Hi, I'm trying to replicate the apple mobility plot https://www.apple.com/covid19/mobility/ with ggplot and having trouble with it. My data frame has the countries as rows and the dates a as column names.
Any help would be greatly appreciated. I tried to upload a screenshot and it didn't work
If you have the dates as columns, then you will need to reshape the data first:
https://tidyr.tidyverse.org/articles/tidy-data.html
Thanks, so I make the dates as the rows and the countries as the columns?
tidy data would have columns for country, date, value(i.e. number_of_cases), the rows would have the information that is appropriate under such headings.
No, you reshape the data to a 'long' format via e.g. tidyr::pivot_longer()

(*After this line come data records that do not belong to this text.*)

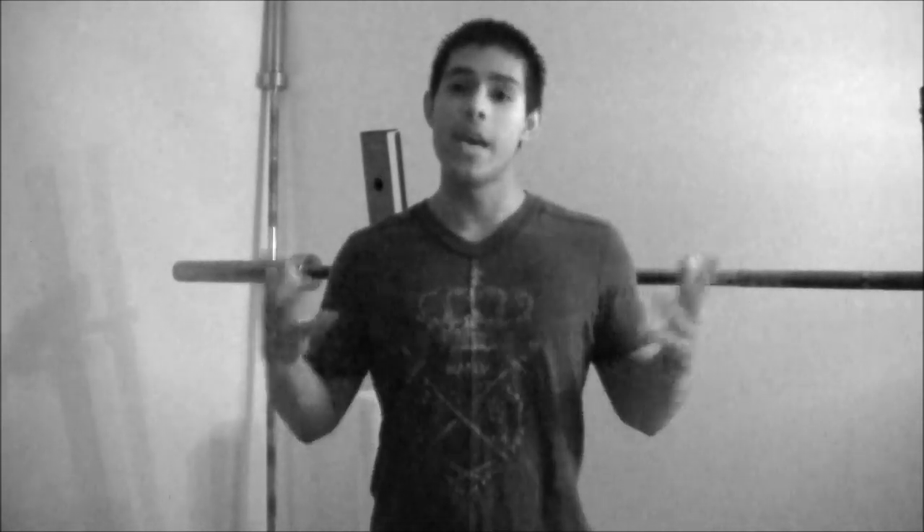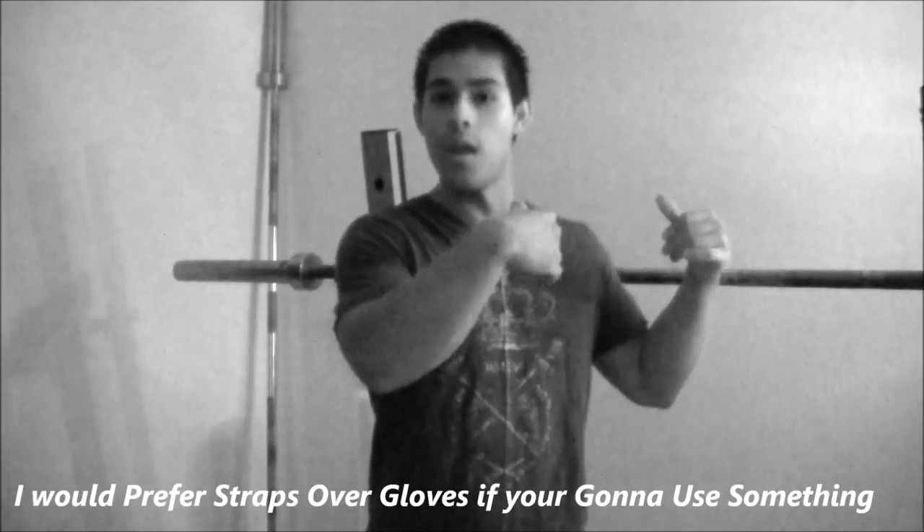So get rid of your gloves. If you're doing hardcore lifting and you're really dedicated to your sport such as powerlifting or bodybuilding, then you can use gloves if that's only going to help you.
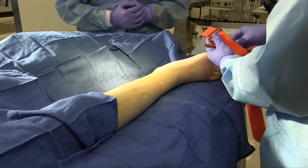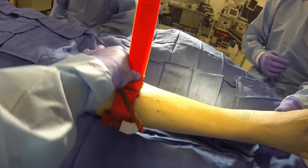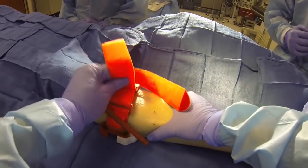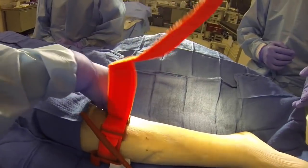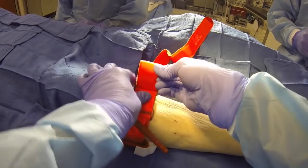Once you've decided that a field amputation is indicated and necessary, the next thing you'll have to do is place a combat application tourniquet. You want to place the tourniquet as far distal as possible on the affected limb, but proximal to the site of the proposed amputation, avoiding placement over any joints.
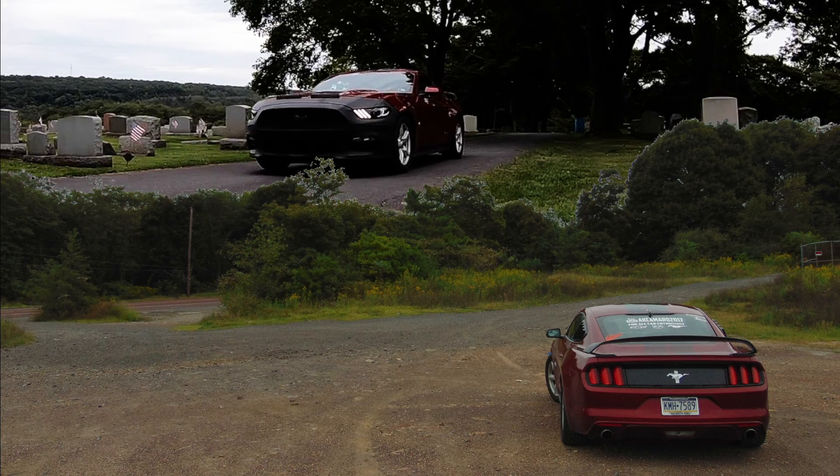Alright guys, hopefully you all enjoyed the way that came out. Look forward to more shots like that from other angles and different positions, and I will catch you all next time. The Apocalypse.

such that your data looks like:
"USA", "2020-04-01", 100
"USA", "2020-04-02", 101
"Italy", "2020-04-01", 200
"Italy", "2020-04-02", 201
maps1 %>%
pivot_longer(-Group.1, names_to = "Dates", values_to = "frequency")
Is still returning the same data frame as there original, am I doing something wrong?
We don't really have enough info to help you out. Could you ask this with a minimal REPR oducible EX ample (reprex)? A reprex makes it much easier for others to understand your issue and figure out how to help.
If you've never heard of a reprex before, you might want to start by reading this FAQ:
Martin thanks for you advice. I have now got the data frame reshaped. I tried to add my code using datapasta package but it was giving me grief to. I've managed to plot the data using ggplot and have loads the geom_line from multiple data sets. Its all working but how do I create a legend representing each country?
If it's from multiple datasets you are making it more difficult than otherwise.
One dataset where the the country variable can be the colour mapping of the geom would be easier
How do I write that? Below is how I separated into county data frames and then plotted.
But you are suggesting that I can plot it from the original data frame?
AustraliaDataMapMobilityTransit <- subset(transitData, region =="Australia")
BelgiumDataMapMobilityTransit <- subset(transitData, region == "Belgium")
BrazilDataMapMobilityTransit <- subset(transitData, region == "Brazil")
CanadaDataMapMobilityTransit <- subset(transitData, region == "Canada")
CzechRepublicDataMapMobilityTransit <- subset(transitData, region == "Czech Republic")
ggplot()+
geom_line(data = AustraliaDataMapMobilityTransit, aes(x = Dates, y= frequency), colour = "red")+
geom_line(data=BelgiumDataMapMobilityTransit, aes(x= Dates, y = frequency), colour = "blue")+
geom_line(data=BrazilDataMapMobilityTransit, aes(x= Dates, y = frequency), colour = "yellow")+
geom_line(data=CanadaDataMapMobilityTransit, aes(x= Dates, y = frequency), colour = "black")+
geom_line(data=CzechRepublicDataMapMobilityTransit, aes(x= Dates, y = frequency), colour = "orange")
ggplot(data = transitData)+
geom_line( mapping = aes(x = Dates, y= frequency, colour = region))
Thanks you are a legend. How do I only plot top 5 and bottom 5.
Top 5 countries and bottom 5 countries, each country has approx 100 rows and there is approx 90 odd countries in the list
how do you calculate a ranking of the counties ? i.e. you have a summarisation over their dates in mind ?
The countries are listed in order, but there is 100 entries for each country before it moves to the next
Or is there a way to specify what countries I want to include
Say I want to graph Australia, Canada,America and Russia
sorry friend, you are a little all over the place...
you can certainly filter your data on the way into your graph.
dplyr::filter() function is for that purpose.
filtered_data <- transitData %>% filter(region %in% c("Australia", "Canada"))
ggplot(data = filtered_data )+
geom_line( mapping = aes(x = Dates, y= frequency, colour = region))
This topic was automatically closed 21 days after the last reply. New replies are no longer allowed.